A quick glance across the pond and the story isn’t much more comforting. Entrepreneurial think-tank The Kauffman Foundation noted in its 2006 study that “no more than 8%” of US business angels were women. The report concluded that the total number of female angels was far smaller than women’s collective wealth, education and experience suggested was possible. So the question begs asking: where’s the appetite for investment among female wealth holders?
Lack of awareness of the potential returns, and scant promotion of the successes of active female angels, could partly account for the dearth. Sally Goodsell, chief executive of Finance South East, says many wealthy women in the UK don’t even consider the possibility of angel investing. “Numbers aren’t really rising at present.

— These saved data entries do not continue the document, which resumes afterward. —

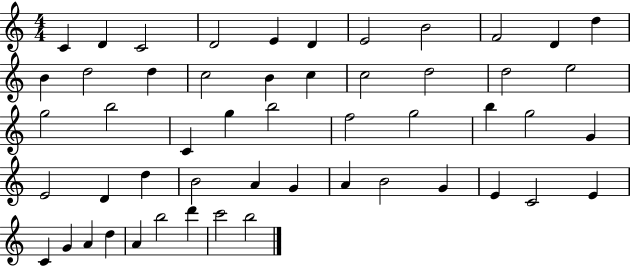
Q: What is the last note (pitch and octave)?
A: B5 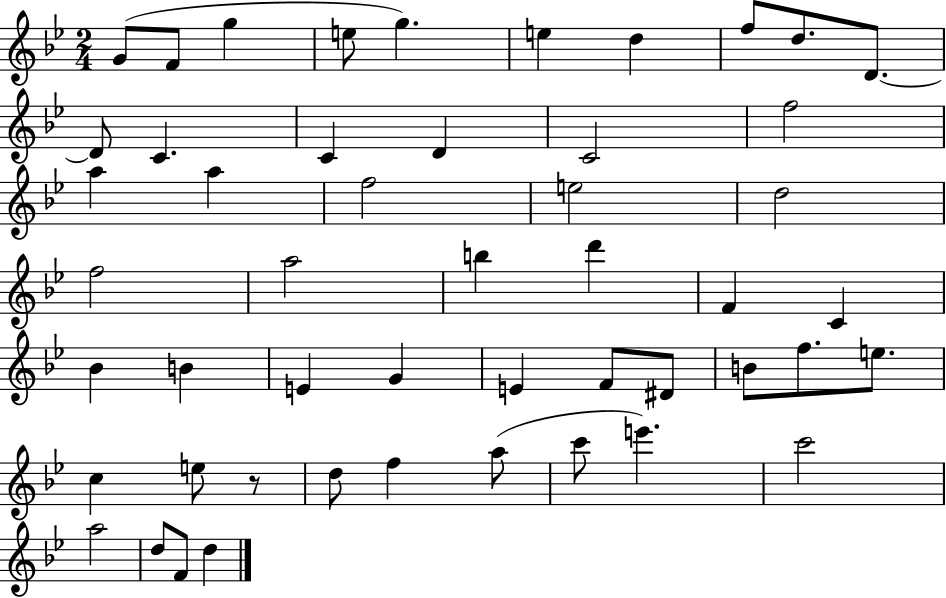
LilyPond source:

{
  \clef treble
  \numericTimeSignature
  \time 2/4
  \key bes \major
  \repeat volta 2 { g'8( f'8 g''4 | e''8 g''4.) | e''4 d''4 | f''8 d''8. d'8.~~ | \break d'8 c'4. | c'4 d'4 | c'2 | f''2 | \break a''4 a''4 | f''2 | e''2 | d''2 | \break f''2 | a''2 | b''4 d'''4 | f'4 c'4 | \break bes'4 b'4 | e'4 g'4 | e'4 f'8 dis'8 | b'8 f''8. e''8. | \break c''4 e''8 r8 | d''8 f''4 a''8( | c'''8 e'''4.) | c'''2 | \break a''2 | d''8 f'8 d''4 | } \bar "|."
}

And in some ways, programmes such as Dragons’ Den are not doing the angel market any favours as it’s seen as very aggressive and macho. This could be putting women off.” Goodsell also argues there’s a widespread misconception that angel investing is the preserve of the super rich, when in fact, somewhere in the region of £20,000 a year makes for a sufficient starting point. Rosemary Forsyth, who founded executive search firm The Forsyth Group, is an active angel investor. She recently secured a 40 times return on the investment she made 10 years ago in online fashion site Net-a-Porter, which was sold in a deal worth £350m earlier this year. “I’ve spoken to a number of angel funds about why the percentage of female participants is so low, and perhaps it’s because a lot of them have a benchmark of £200,000-plus for a single business opportunity, which doesn’t allow you to spread your risk,” she suggests. So one explanation could be that women are simply more risk averse, and this theory is certainly supported by research from the Hunter Centre for Entrepreneurship, which found that half of female angels will only invest in an opportunity alongside others, compared to the 79% of men happy to invest on their own.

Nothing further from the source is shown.